FinTech Top 100 companies: A review

2023 has been a big year in the world of fintech. Here, we look back on the standout companies of the year in our Top 100 review…

FinTech Magazine looks back on 2023 with a roundup of our Top 100 companies of the year. 

At a time of much-hyped volatility and tumult in verticals like banking and cryptocurrencies, it is gratifying to be casting a light on the industry’s triumphs and victories. 

Our Top 100 fintech companies of the year have all been revolutionising the delivery of financial services and disrupting the future of money.

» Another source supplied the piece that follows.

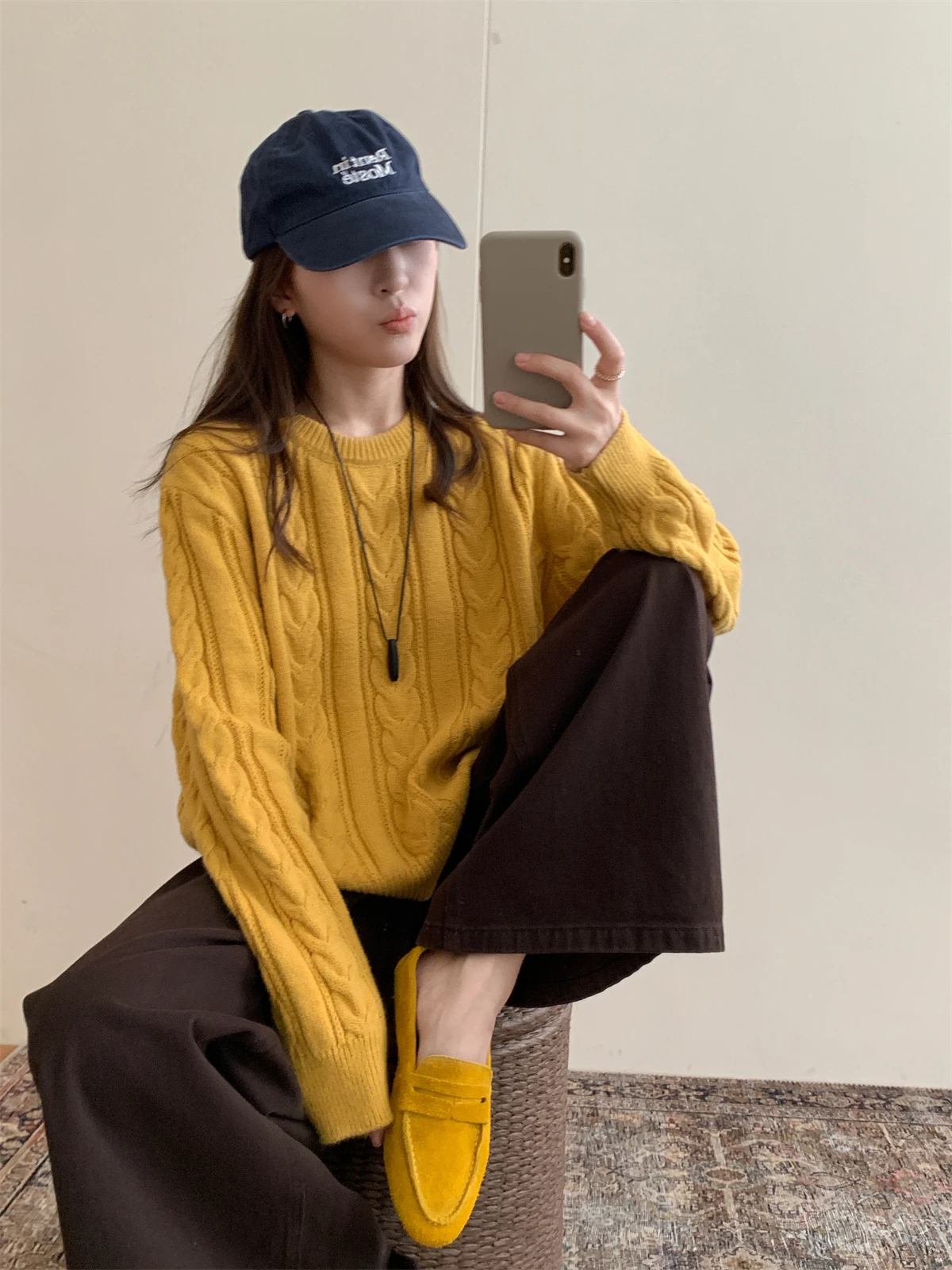 Korean Style Long Sleeve Women's Knitted Sweater Yellow Twist Pattern round Neck Pullover Soft Acrylic Fabric Autumn Winter Top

Below, we round up the top 10 of our Top 100 companies in 2023. And for the full list, you can follow the link HERE.

10. Stripe  

Stripe is a provider of financial infrastructure which says it's on a mission “to increase the GDP of the internet”. With dual headquarters in San Francisco and Dublin, the company's software is used by startups and large enterprises alike to accept payments and manage their finances online.

It was conceived by brothers and co-founders Patrick and John Collison – today CEO and President respectively – who have come a long way from their roots in rural Ireland to building this tech success story.

9. Goldman Sachs

Goldman Sachs is a global investment banking, securities and investment management services provider. Founded in 1869, the group has a storied history and today delivers a broad range of financial services to a large and diversified client base. 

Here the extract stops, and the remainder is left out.